Building the future: What Could Go Right
While being optimistic is an excellent frame of mind for the future, without action or application, it's pretty useless. To truly shape the future, one must make the correct optimistic bet. Now, more than ever, it is essential to reflect deeply on a single question. What could (and has the best chance to) go right?
One of the most critical and optimistic bets to make is to view AI as a collaborator and a form of leverage, rather than a competitor to humanity. Yes, AI has and will replace many monotonous tasks, taking on a variety of such jobs. However, the freedom it will create will enable humans to spend more time on more creative endeavors. After all, creativity has always been humanity’s greatest gift. Artificial intelligence is not robbing us of meaning; it's giving us the time and space to pursue the meaning we desire. With that being said, more freedom in our lives also means more risk of succumbing to distractions or hedonistic pleasures. The most significant edge in the coming age will be discipline, agency, and drive. Being intelligent is excellent, but being intentional is what is necessary.
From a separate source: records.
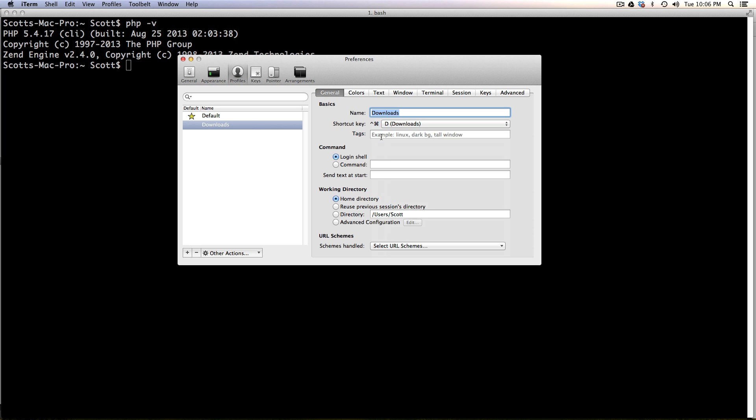So we can go ahead and give it a command when it first launches or you can give it a working directory. What this is really useful for is that I have profiles set up for my server for test servers and things like that. So when I open up a new profile, it automatically can SSH into my server for me by running an SSH command. Now I could also say users Scott downloads.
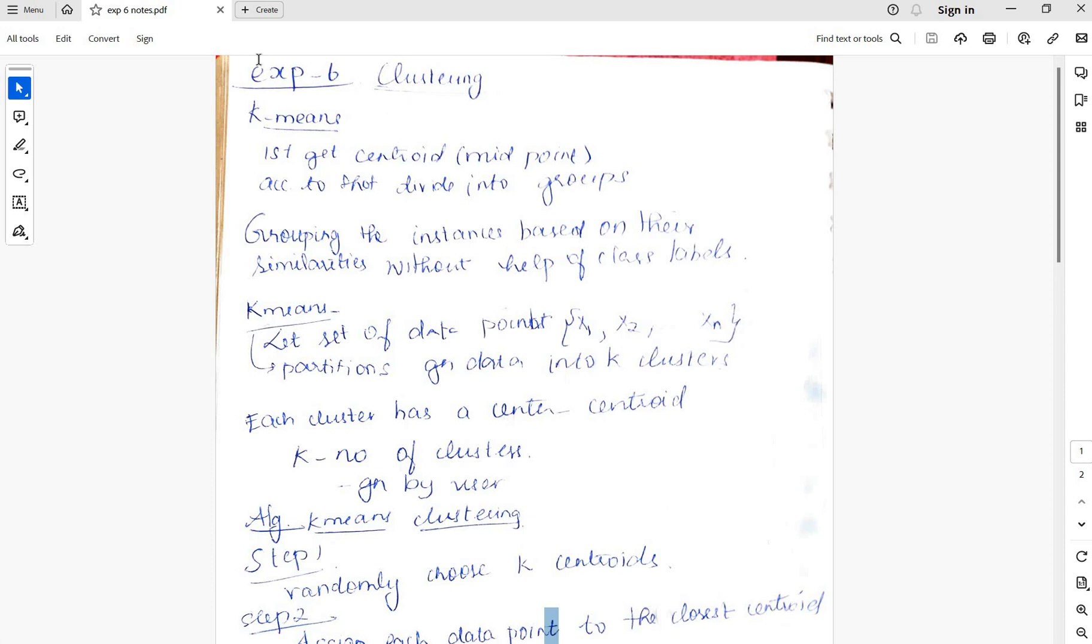Welcome. Today's experiment is K-means clustering. We need to give the value for k, and k number of cluster segments we can get.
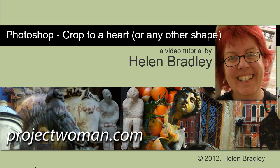Hello, I'm Helen Bradley. Welcome to this video tutorial. In this tutorial I'm going to show you how to crop to a heart or any other shape in Photoshop.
The challenge presented by AI is whether we will use it to become who we want to be or let it merely highlight what we are passively.
The questions posed by AI aren't merely technical; they're deeply personal:
Will we choose to build systems that reflect our highest virtues or settle for ones that enable our hedonistic desires?
Will we leverage AI to better ourselves or use it to escape reality?
Will we participate in shaping a better future, or outsource it to entropy
The absolute core of the optimistic stance is not a blind belief in better outcomes, but a firm belief in our ability to choose better directions and shape our future. Progress is by no means a guarantee; it's a wager that must be placed with courage.
The question is not whether AI poses risks; it does. The question is whether we will approach those risks with the agency, creativity, and active relationship with the future that has always driven human progress.